Constance Pugh was beyond mortal help, and her body was removed to the mortuary, but Frederick Pugh was rushed to the Warneford Hospital.
On the following Tuesday the inquest into Constance Pugh’s death was opened, and the sad state of the Pughs’ marriage was laid bare. This report is from The Leamington Courier:
“The first witness called was Mrs. J. H. Cooke, sister of Mrs. Pugh, who said that deceased was Pugh’s second wife. Pugh served during the war.
The Coroner: ‘Did you know the conditions under which they lived?’
Witness: ‘They were’nt very happy’
‘Did your sister’s husband ill-treat her and keep the children short of food?’
‘Yes, he had an abnormal temper.’
Witness proceeded to say that one day last week she had a conversation with her sister relative to Pugh and deceased then said that her husband had threatened to “do her and the children in.”
He had said this many times that they did not take him seriously.
The Coroner: ‘On this particular occasion had he used the expression because she had asked for food for the house?
‘Yes.’
Mrs. Cooke said that one of the sons lived at Luton, Pugh’s native town, and a daughter was in a home in London.
Foreman (Mr. R. E. Moore); ‘Was Pugh usually sober when he made these threats?’
Witness: ‘I was not there whenhe used them, but my sister said he had taken to drink again.’
‘You didn’t know much about the man himself?’ asked the Coroner.
“I simply hated him!” exclaimed the witness in reply.
The Foreman : Did you know that Pugh kept firearms in the house?
‘No, I shouldn’t have gone there had I known that he did.’
Mrs. Ada Key, another witness, living at 19 Plymouth Place, said the deceased had often complained of her husband’s treatment of her. and alleged that he kept the children short of food. He had a very bad temper. ‘My sister to come down to my house to get something to eat,’ continued the witness, ‘for she couldn’t get enough for the children at home.”
The Coroner: ‘You knew by her actions that she was not being supported properly at home?’
Witness: ‘Yes.’
‘Did she ever complain her husband drinking?’ asked the Coroner.
At this point the witness broke down, and the Coroner did not press his questions. “

Mr. E. F. Hadow (Coroner for Mid-Warwickshire) did eventually reconvene the inquest, but his optimism that Frederick Pugh would be able to attend to account for his crime was unfounded. Pugh eventually died, still in hospital, on Friday 2oth May. There only remained the technicality of deciding if Pugh was in his right mind when he shot his wife and then turned the gun on himself.
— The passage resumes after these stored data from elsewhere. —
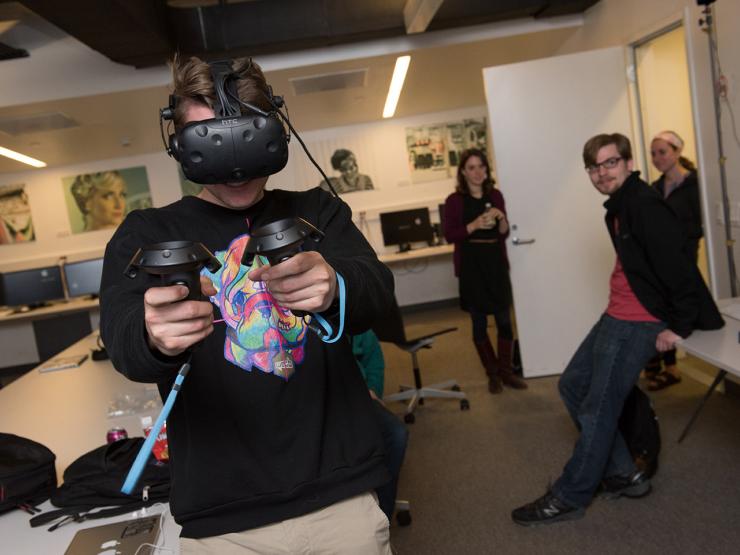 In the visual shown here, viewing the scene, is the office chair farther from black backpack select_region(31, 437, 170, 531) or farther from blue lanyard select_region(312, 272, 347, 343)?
blue lanyard select_region(312, 272, 347, 343)

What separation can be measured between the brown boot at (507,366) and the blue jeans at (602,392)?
1.57 meters

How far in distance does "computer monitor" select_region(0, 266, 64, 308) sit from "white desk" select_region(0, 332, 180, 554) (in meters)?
3.37

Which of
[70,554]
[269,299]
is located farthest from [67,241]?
[269,299]

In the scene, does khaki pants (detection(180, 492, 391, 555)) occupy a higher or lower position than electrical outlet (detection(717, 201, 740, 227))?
lower

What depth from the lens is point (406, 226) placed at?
24.1ft

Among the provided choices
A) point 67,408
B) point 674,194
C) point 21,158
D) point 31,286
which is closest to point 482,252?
point 674,194

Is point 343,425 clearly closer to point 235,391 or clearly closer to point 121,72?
point 235,391

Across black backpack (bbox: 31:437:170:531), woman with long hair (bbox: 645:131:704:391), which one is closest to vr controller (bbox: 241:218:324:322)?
black backpack (bbox: 31:437:170:531)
As with many of these stories, there are always the children who become victims of adult misdeeds. The Pughs had two children. In the census which was held in the summer of 1921, an Arthur Frederick Pugh, born in 1920 and listed as grandson, was living in Leamington in a house, the head of which was Edith Jones, born in Bishops Itchington, and almost certainly Constance Pugh’s mother. Sadly, the next time we hear of Arthur Frederick Pugh it is as a casualty in WWII. His body lies in Madras War Cemetery. Arthur was a cook in the Army Catering Corps. He was working at a military hospital in Burma. While walking around the hospital grounds he was shot by a sniper in a tree and killed on 28th April 1945 just two weeks before the end of the war in Europe. Peter Colledge reminded me that the war in the Far East was to continue until August, days after the second atomic bomb was dropped on Nagasaki. Thanks to Julie Pollard (a relative) for this information.
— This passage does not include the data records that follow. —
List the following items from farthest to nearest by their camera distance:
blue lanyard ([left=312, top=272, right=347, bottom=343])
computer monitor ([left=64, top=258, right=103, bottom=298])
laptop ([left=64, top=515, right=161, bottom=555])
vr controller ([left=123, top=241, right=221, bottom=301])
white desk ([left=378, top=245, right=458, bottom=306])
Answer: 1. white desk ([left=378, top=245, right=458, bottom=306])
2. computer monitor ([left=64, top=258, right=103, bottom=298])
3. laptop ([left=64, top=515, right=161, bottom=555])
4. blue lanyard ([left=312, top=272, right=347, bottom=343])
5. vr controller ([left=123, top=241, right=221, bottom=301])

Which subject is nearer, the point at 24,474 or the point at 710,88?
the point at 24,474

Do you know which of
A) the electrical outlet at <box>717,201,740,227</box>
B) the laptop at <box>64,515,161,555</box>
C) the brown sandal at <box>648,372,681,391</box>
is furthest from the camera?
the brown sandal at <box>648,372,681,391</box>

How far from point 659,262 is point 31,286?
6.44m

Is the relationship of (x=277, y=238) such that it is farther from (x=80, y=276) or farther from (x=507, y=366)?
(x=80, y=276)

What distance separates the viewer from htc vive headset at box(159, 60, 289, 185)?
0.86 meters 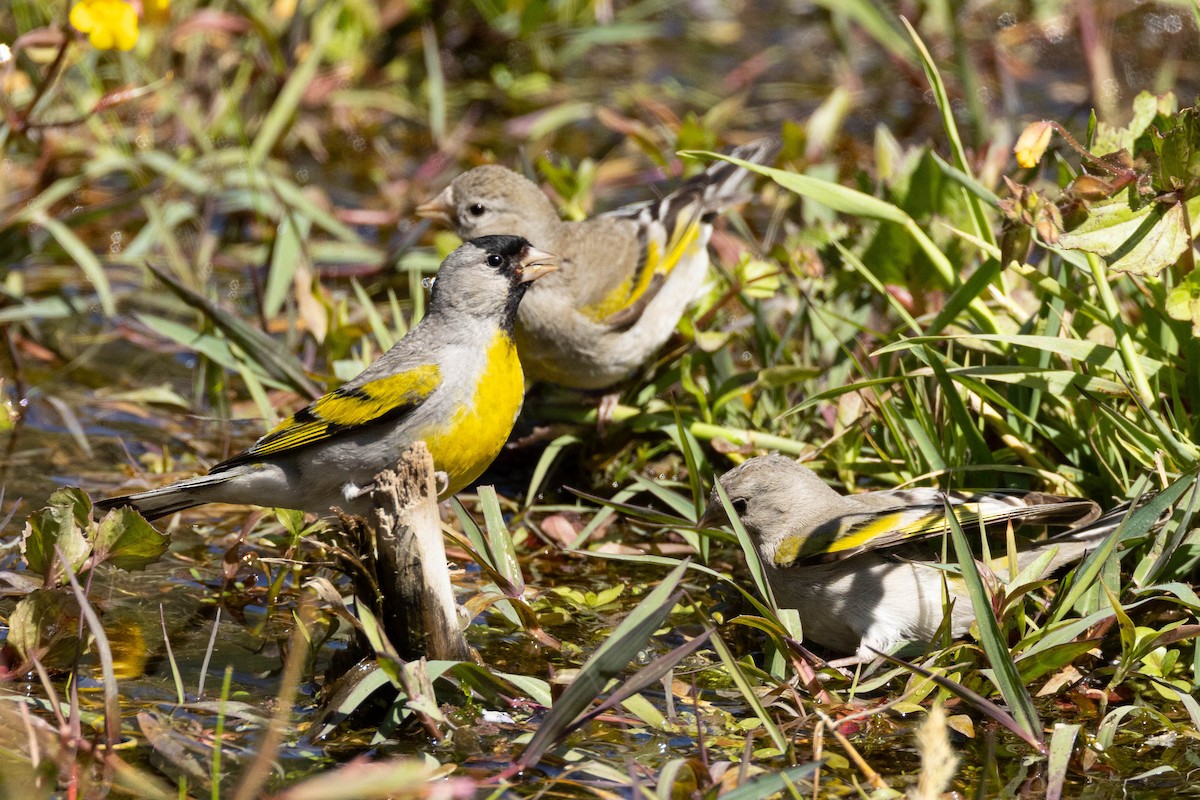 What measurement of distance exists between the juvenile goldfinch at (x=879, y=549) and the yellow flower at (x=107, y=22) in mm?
2857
The older child, Tessa Vernie Yvonne Pugh (thanks again to Julie Pollard) was born in 1913. She was brought up by Constance’s brother Leonard. Records show that she married a man called Felix Jackson at Stratford in 1939. The 1939 register shows them living at 128 Tavern Lane Stratford. She died in 1973, her husband having passed away two years earlier.
Was Frederick Pugh driven to commit murder by some awful residual damage he had incurred during the Great War? One newspaper report suggests that he had come home “with a piece of bullet lodged in his head.” He would not have been the only man damaged by the horrors of 1914 – 18, but we shall never know. The only certainty is that a fatal combination of anger and drink – and possibly war trauma – cost two people their lives on that March afternoon.
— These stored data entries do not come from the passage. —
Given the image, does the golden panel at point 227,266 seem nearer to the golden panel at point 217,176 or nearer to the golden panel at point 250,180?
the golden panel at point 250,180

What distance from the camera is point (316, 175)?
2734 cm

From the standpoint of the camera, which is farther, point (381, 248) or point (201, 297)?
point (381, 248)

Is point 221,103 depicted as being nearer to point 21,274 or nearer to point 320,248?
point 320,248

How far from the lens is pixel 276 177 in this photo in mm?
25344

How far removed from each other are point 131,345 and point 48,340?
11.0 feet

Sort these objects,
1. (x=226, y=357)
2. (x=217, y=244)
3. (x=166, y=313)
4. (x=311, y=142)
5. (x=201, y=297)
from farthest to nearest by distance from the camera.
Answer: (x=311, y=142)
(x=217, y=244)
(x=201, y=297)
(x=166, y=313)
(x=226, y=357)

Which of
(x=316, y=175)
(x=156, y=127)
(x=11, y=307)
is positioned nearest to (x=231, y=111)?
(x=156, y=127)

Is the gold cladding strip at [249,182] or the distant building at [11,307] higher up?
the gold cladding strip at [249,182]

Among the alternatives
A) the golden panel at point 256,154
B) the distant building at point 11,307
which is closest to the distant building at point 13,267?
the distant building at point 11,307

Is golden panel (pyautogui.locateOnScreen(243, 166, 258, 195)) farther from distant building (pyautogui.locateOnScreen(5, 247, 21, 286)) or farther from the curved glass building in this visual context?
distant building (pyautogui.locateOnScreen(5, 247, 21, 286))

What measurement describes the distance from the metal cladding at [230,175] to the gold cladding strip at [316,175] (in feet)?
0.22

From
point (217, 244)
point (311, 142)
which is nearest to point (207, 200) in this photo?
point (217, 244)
Cragg is instructed to ride out to a lonely moorland farmhouse, and what he finds surpasses any of the previous horrors his calling requires him to confront. He finds an entire family slaughtered, by whose hand he knows not, unless it was the husband of the house, himself hanging by a strap hooked over a beam. To add even more mystery to the grisly tableau, Cragg learns that the KIdd family were members of a bizarre dissenting cult which encourages its members into acts of brazen sexuality. Then, in a seemingly unconnected incident, the gardener at a nearby mansion, trying to improve the drainage under his hothouse, discovers another body. This corpse may have been in the ground for centuries, as it has been partly preserved by the peat in which it was buried. When Fidelis conducts an autopsy, however, he concludes that the body is that of a young woman, and was probably put in the ground within the last decade or so.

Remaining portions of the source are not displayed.